5. FRACTIONAL SHARES. No fractional shares of Common Stock will be issued
in connection with any exercise hereunder, but in lieu of such fractional shares
the Company shall round up to the nearest full share.
3
6. COMPLIANCE WITH SECURITIES ACT; DISPOSITION OF WARRANT OR SHARES OF
COMMON STOCK.
(a) COMPLIANCE WITH SECURITIES ACT. The holder of this Warrant, by
acceptance hereof, agrees that this Warrant and the Shares to be issued upon
exercise hereof are being acquired for investment and that such holder will not
offer, sell or otherwise dispose of this Warrant or any Shares to be issued upon
exercise hereof except under circumstances which will not result in a violation
of the Securities Act. This Warrant and all Shares issued upon exercise of this
Warrant (unless registered under the Securities Act) shall be stamped or
imprinted with a legend in substantially the following form:
THIS SECURITY HAS NOT BEEN REGISTERED UNDER THE SECURITIES ACT OF
1933, AS AMENDED. NO SALE OR DISPOSITION MAY BE EFFECTED WITHOUT (i)

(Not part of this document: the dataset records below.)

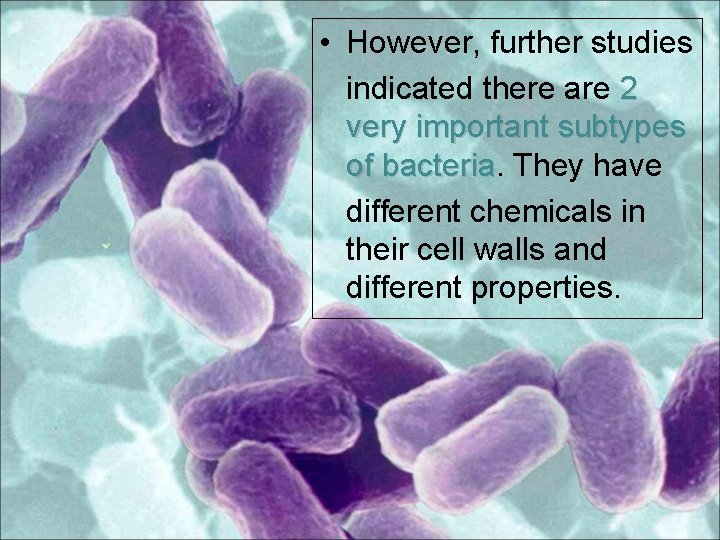  • However, further studies indicated there are 2 very important subtypes of bacteria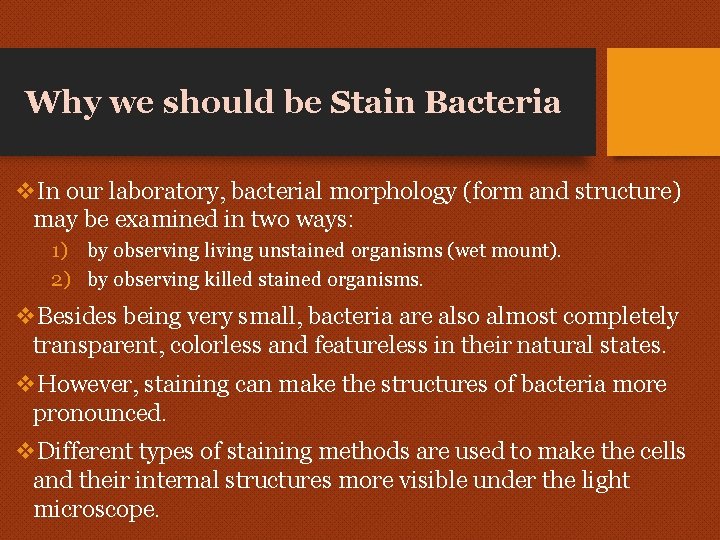 Why we should be Stain Bacteria v. In our laboratory, bacterial morphology (form and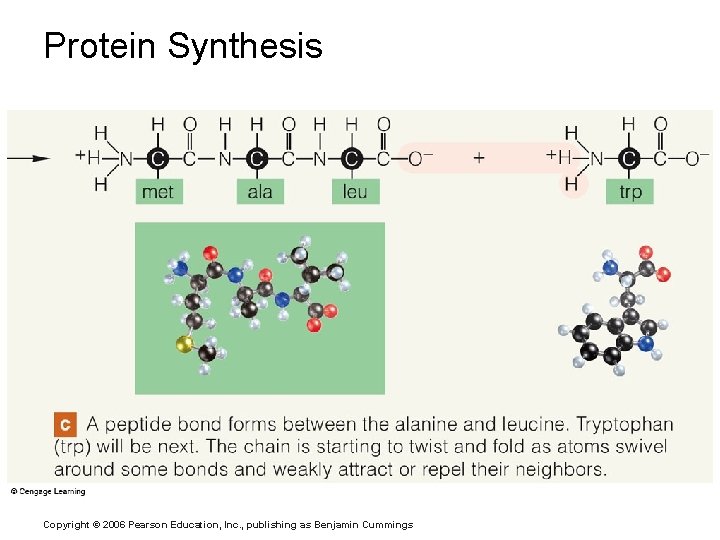 Protein Synthesis Copyright © 2006 Pearson Education, Inc. , publishing as Benjamin Cummings 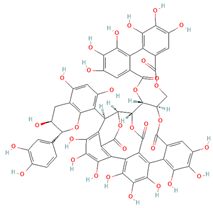 Cells 11 01696 i003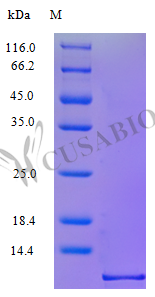 Recombinant Human C-C motif chemokine 1 protein (CCL1), partial (Active) – Figure 1 of 1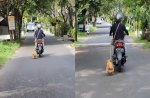 Viral Emak-emak di Bali Tarik Seekor Anjing Pakai Motor, Bikin Netizen Emosi 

AN EFFECTIVE REGISTRATION STATEMENT RELATED THERETO, (ii) AN OPINION
OF COUNSEL FOR THE HOLDER THAT SUCH REGISTRATION IS NOT REQUIRED OR
(iii) RECEIPT OF A NO-ACTION LETTER FROM THE SECURITIES AND EXCHANGE
COMMISSION TO THE EFFECT THAT REGISTRATION UNDER THE ACT IS NOT
REQUIRED.
(b) DISPOSITION OF WARRANT AND SHARES. With respect to any offer, sale
or other disposition of this Warrant or any Shares acquired pursuant to the
exercise of this Warrant prior to registration thereof, the holder hereof and
each subsequent holder of this Warrant agrees to give written notice to the
Company prior thereto, describing briefly the manner thereof, together with a
written opinion of such holder's counsel, if reasonably requested by the
Company, to the effect that such offer, sale or other disposition may be
effected without registration or qualification (under the Securities Act as then
in effect or any federal or state law then in effect) of this Warrant or such
Shares and indicating whether or not under the Securities Act certificates for
this Warrant or such Shares to be sold or otherwise disposed of require any
restrictive legend as to applicable restrictions on transferability in order to
insure compliance with the Securities Act. Each certificate representing this
Warrant or the Shares or Common Stock thus transferred (except a transfer
pursuant to Rule 144) shall bear a legend as to the applicable restrictions on
transferability in order to insure compliance with the Securities Act unless, in
the aforesaid opinion of counsel for the holder, such legend is not required in
order to insure compliance with the Securities Act. Nothing herein shall
restrict the transfer of this Warrant or any portion hereof by the initial
holder hereof to any partnership affiliated with the initial holder, or to any
partner of any such partnership provided such transfer may be made in compliance
with applicable federal and state securities laws. The Company may issue stop
transfer instructions to its transfer agent in connection with the foregoing
restrictions.
7. RIGHTS AS SHAREHOLDERS; INFORMATION.
7.1 SHAREHOLDER RIGHTS. Except as set forth herein, no holder of this
Warrant, as such, shall be entitled to vote upon any matter submitted to
shareholders at any meeting thereof, or to receive notice of meetings, or be
deemed the holder of Common Stock until this Warrant shall have been exercised
and the Shares purchasable upon such exercise shall have become deliverable, as
provided herein.
4
8. REPRESENTATIONS AND WARRANTIES. This Warrant is issued and delivered on
the basis of the following:
(a) This Warrant has been duly authorized, executed and delivered by
the Company and constitutes the valid and binding obligation of the Company,
enforceable in accordance with its terms;
(b) The Shares have been duly authorized and reserved for issuance by
the Company and, when issued in accordance with the terms hereof, will be
validly issued, fully paid and nonassessable;
(c) The execution and delivery of this Warrant, the issuance of the
Shares upon exercise of this Warrant in accordance with the terms hereof and the
compliance by the Company with the provisions hereof (i) are not and will not be
inconsistent with the Company's Charter or Bylaws, (ii) do not and will not
contravene any law, governmental rule or regulation, judgment or order
applicable to the Company, and (iii) do not and will not contravene any
provision of, or constitute a default under, any indenture, mortgage, contract
or other instrument of which the Company is a party or by which it is bound or
require the consent or approval of, the giving of notice to, the registration
with or the taking of any action in respect of or by, any Federal, state or
local government authority or agency or other person.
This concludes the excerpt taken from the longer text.